Cash also shot up big time from RM 3.9 million to RM 60.1 million, giving them plenty of cash for any future plans. Plus, the NAV per unit stayed stable at RM 1.2514, which is good news for unitholders.
ARREIT reported a 14.7% increase in net rental revenue, reaching RM39.0 million, driven by new tenancies, higher occupancy at Vista Tower, new rental income from Sekolah Tinta, and stable renewals at Selayang Mall. Property expenses rose by 26.45% to RM15.3 million due to maintenance and operational activities. Trust expenses increased to RM6.2 million, mainly from higher Manager's fees and administrative costs. Borrowing costs decreased by 7.0% to RM13.2 million, as lower interest was due to a recent drawdown of RM33.9 million, resulting in no interest charge for the quarter.

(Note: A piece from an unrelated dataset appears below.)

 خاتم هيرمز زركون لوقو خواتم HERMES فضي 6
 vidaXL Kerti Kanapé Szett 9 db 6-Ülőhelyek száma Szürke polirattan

All the recent announcement certainly paints a more optimistic picture for the company's future. It's good to see ARREIT taking tangible steps that improve visibility and operational stability
ARREIT is now hovering just above the first major support at RM0.340, a region that has historically attracted accumulation. Beneath this, the next stronger support sits around RM0.315–RM0.325, where a larger cluster of buying interest was seen in March and April.
The broad green accumulation zone in your chart underlines that funds and income-focused investors have historically stepped in at these levels, suggesting that any retracement into this zone would likely be met with stronger demand unless the fundamentals of the REIT materially weaken.